→ Exercise instructions
Within the material below, find each line bearing the word "Cotton" and present it.

---- Records for the task

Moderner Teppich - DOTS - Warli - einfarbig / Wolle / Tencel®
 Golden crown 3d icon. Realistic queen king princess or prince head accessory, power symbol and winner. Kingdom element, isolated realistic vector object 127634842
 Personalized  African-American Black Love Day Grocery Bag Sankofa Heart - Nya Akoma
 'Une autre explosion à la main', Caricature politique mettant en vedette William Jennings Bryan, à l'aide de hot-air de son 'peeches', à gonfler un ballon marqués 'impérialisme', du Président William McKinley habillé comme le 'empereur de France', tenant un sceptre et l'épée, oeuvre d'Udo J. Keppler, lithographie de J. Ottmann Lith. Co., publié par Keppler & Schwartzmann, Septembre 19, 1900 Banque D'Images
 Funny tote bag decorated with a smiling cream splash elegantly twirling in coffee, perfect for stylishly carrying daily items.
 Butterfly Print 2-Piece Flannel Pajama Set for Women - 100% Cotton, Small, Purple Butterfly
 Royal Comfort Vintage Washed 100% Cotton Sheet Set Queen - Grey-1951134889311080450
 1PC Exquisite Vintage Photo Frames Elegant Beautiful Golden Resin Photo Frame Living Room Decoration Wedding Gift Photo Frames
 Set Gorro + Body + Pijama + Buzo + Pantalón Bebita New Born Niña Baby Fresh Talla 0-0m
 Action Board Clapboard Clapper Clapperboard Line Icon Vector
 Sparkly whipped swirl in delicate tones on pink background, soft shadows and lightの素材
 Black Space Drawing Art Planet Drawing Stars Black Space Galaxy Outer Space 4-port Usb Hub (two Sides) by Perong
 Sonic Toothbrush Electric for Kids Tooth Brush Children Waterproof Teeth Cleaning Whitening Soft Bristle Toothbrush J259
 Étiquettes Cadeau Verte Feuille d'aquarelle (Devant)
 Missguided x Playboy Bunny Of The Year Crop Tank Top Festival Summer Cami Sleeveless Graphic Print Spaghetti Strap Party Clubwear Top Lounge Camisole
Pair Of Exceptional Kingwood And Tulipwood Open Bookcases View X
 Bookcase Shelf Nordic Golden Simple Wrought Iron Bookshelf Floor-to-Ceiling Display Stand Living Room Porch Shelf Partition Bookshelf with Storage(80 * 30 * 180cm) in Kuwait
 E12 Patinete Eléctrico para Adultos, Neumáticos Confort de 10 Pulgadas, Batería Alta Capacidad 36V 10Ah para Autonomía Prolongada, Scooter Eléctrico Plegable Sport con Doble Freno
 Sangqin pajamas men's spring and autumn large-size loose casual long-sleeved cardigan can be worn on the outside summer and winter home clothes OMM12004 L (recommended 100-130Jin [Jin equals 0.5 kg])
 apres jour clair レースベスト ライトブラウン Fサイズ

--------

→ Exercise answer
 Butterfly Print 2-Piece Flannel Pajama Set for Women - 100% Cotton, Small, Purple Butterfly
 Royal Comfort Vintage Washed 100% Cotton Sheet Set Queen - Grey-1951134889311080450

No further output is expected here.